Chissà se alla fine deciderà di copiare la creatura di Umberto Bossi, che è fatta a immagine e somiglianza del suo fondatore, ma non ruota esclusivamente attorno al capo, ha un gruppo dirigente legittimato a prendere decisioni, «e ha veri iscritti », sottolinea Maroni: «In pochi sanno – racconta il ministro dell’Interno – che il nostro sistema di tesseramento prevede uno sbarramento iniziale. Chi decide di iscriversi alla Lega, per un anno è solo un ’sostenitore’. Terminato l’anno una commissione valuta l’attività del ’sostenitore’, la sua presenza alle manifestazioni del partito, il contributo al dibattito interno, e decide se farlo diventare un ’militante’ con diritto di voto. Perciò da noi non capitano strane cose alla vigilia dei congressi». chiaro il riferimento a quanto è accaduto nel Pd in vista del congresso. Mentre a Roma i candidati alla segreteria discutevano su primarie, partito all’americana o partito all’emiliana, in periferia si perpetuava il fenomeno dei tesseramenti gonfiati, antica forma di doping politico sempre condannata ma troppo spesso praticata. «E che quasi mai garantisce consensi nelle urne», commenta il capogruppo della Lega alla Camera, Cota. Ecco perché al Nord il Carroccio è diventato il logos della piazza. Come dice Giulio Tremonti, «i leghisti non verranno da Oxford» ma interpretano il sentire popolare, conquistano voti, e sono periodicamente corteggiati dalla sinistra: accadde un decennio fa con D’Alema a livello nazionale, si è ripetuto nei mesi scorsi con Chiamparino per un’intesa regionale. E ancora ieri Franceschini si è interrogato sui «nostri errori commessi al Nord», sull’incapacità di «parlare con la gente».

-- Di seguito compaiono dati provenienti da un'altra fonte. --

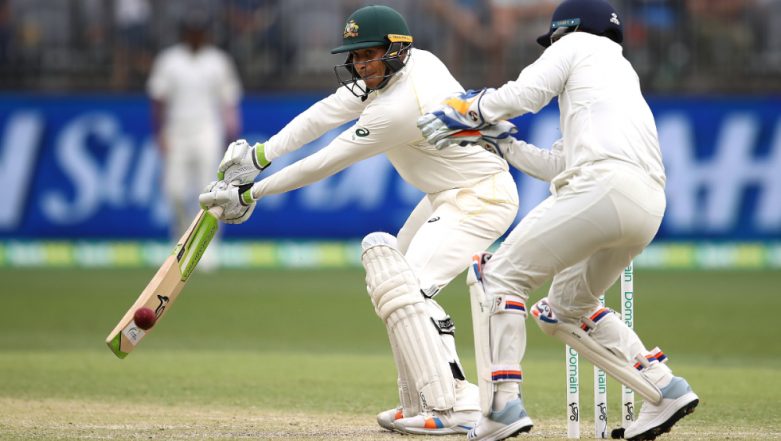 Virat Kohli and Ajinkya Rahane celebrate the wicket of Shaun Marsh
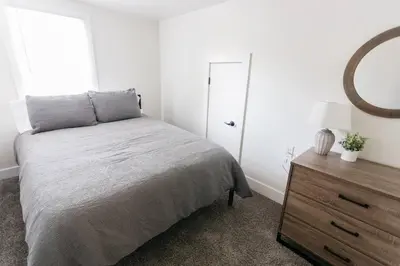 a bedroom with a bed and a mirror and a dresser at Beautiful Cape Cod House in Central Location in Dayton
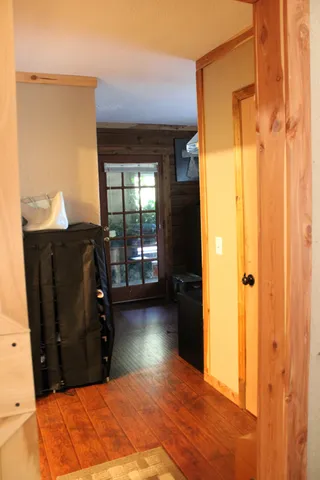 a bedroom with a bed couch and a window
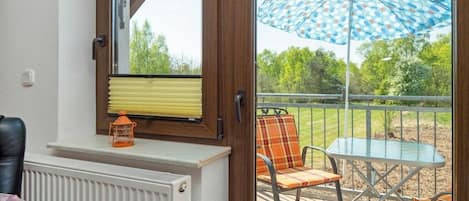 Una habitación con ventana, un radiador, una silla, una mesa y un paraguas.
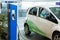 Electric car charged on a charging station in a indoor parking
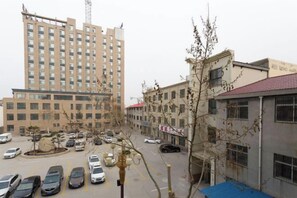 A multi-story building with a parking lot in front. - GreenTree Liaocheng Yanggu Huangshan Road Shizilou (Yanggu)
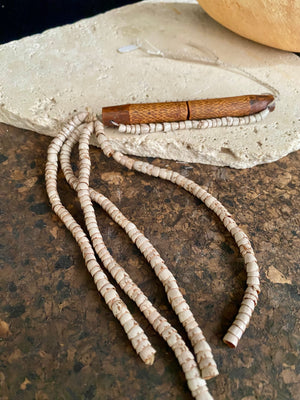 This is a vintage wood sewing needle case from northern Thailand, from the Ahka tribe. This beautiful, old and rare vintage piece is highly decorated and made from bamboo, etched, stained with red betel juice and finished with a long fringe of Jacob's tears. Length 24.5 cm with fringe, length of tube 9 cm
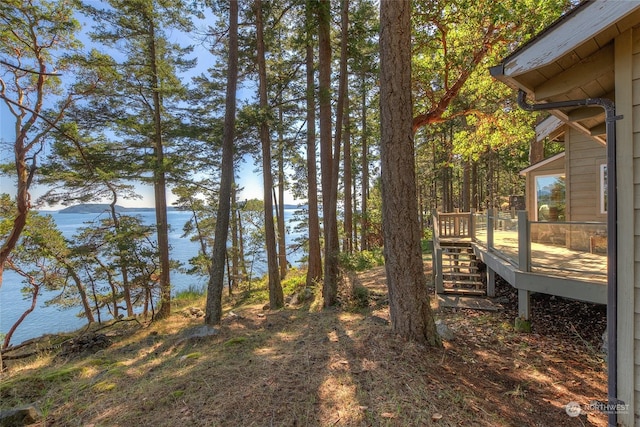 view of yard with a deck with water view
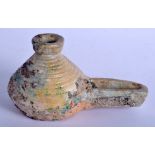 A 12TH CENTURY PERSIAN IRANIAN TURQUOISE GLAZED OIL LAMP Kashan. 19 cm wide.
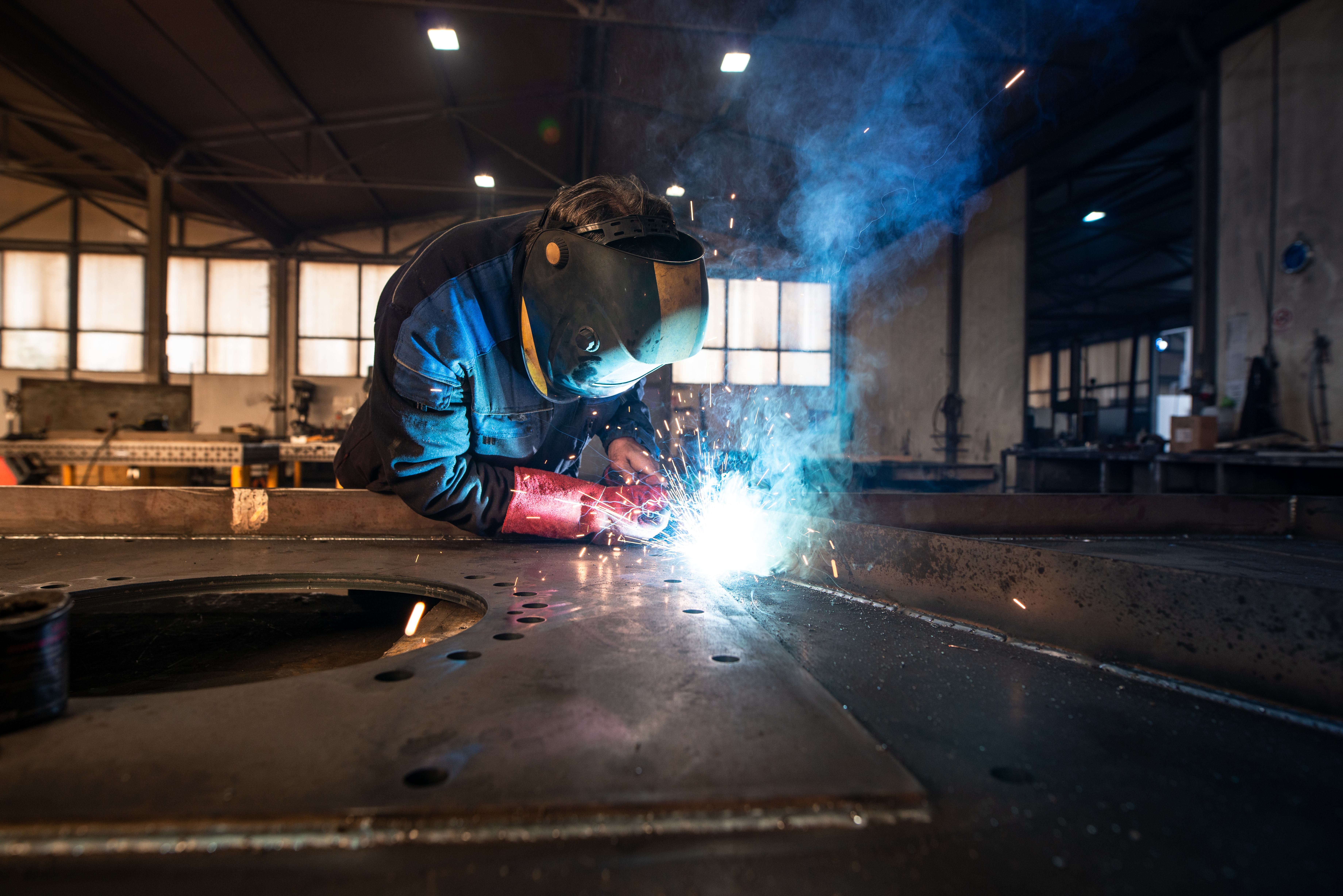 Worker welding sheet metal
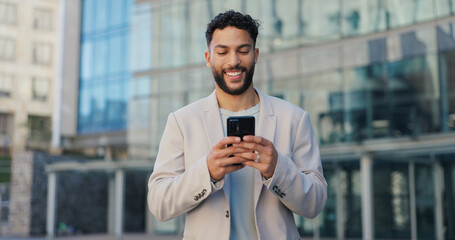 Happy, city and man with smartphone, business and typing email with positive news and online...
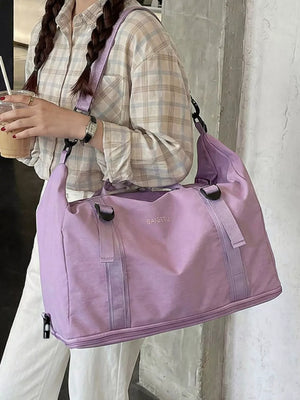 Spacious purple nylon travel bag with buckle straps and crinkled texture.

Il modello Lega è una macchina leninista gestita in modo federalista che sta conquistando pezzi di territorio sotto il Po, «ma che non scenderà nel Mezzogiorno», dice Maroni: «Ci provammo negli anni Novanta, con il progetto ’Lega Italia federale’ che venne affidato a me. Ma quando al Sud ci imbattemmo in certi tipi lasciammo perdere ». Altra allusione non casuale se viene da chi guida gli Interni e comunque coltiva per il meridione una passione custodita segretamente nel computer del ministero: un pezzo «struggente» di musica napoletana interpretato da Roberto Murolo e Mia Martini. Quanto alle pulsioni razziste, Bossi – dopo aver trasferito Salvini a Strasburgo per quel coro da curva contro i napoletani – si è infuriato con la deputata leghista Goisis e la sua idea dell’esame di dialetto per i professori nelle scuole: «Cosa sono queste storie? Non voglio problemi. Mi avete rotto le balle», ha urlato. Ovviamente in dialetto. C’è nel Carroccio una cura maniacale, Cota la definisce «particolare» nella «selezione della classe dirigente e dei meccanismi di controllo sul territorio». Ciò non significa che’ all’ombra del Senatùr – manchino gli scontri: Maroni contro Calderoli in Lombardia, il ministro Zaia contro il sindaco di Verona Tosi in Veneto. Ma il partito non subisce danni.
Perciò il modello Lega è diventato oggetto di studio nel Pdl, dove si è aperto un dibattito – non ancora pubblico – tra chi resta ancorato all’idea di partito a vocazione carismatica, e chi punta a una struttura forte sul territorio. Non è il solito scontro tra ex esponenti di Forza Italia e An, se all’ultima riunione il capogruppo Cicchitto ha sottolineato come «Berlusconi è il leader dell’unica forza politica a dimensione nazionale, che dunque necessita di un gruppo dirigente in grado di evitare dinamiche localistiche». Se il dibattito è iniziato, è perché – esaminando il voto di giugno – è stato notato che in alcune aree del Paese il Pdl alle Amministrative è andato meglio rispetto alle Europee, dove Berlusconi era candidato. Non è un dato di poco conto.
Così, sul finire dell’era nuovista, in molti guardano alla nuova via tracciata dalla Lega. Che poi è un ritorno all’antico. Ai partiti.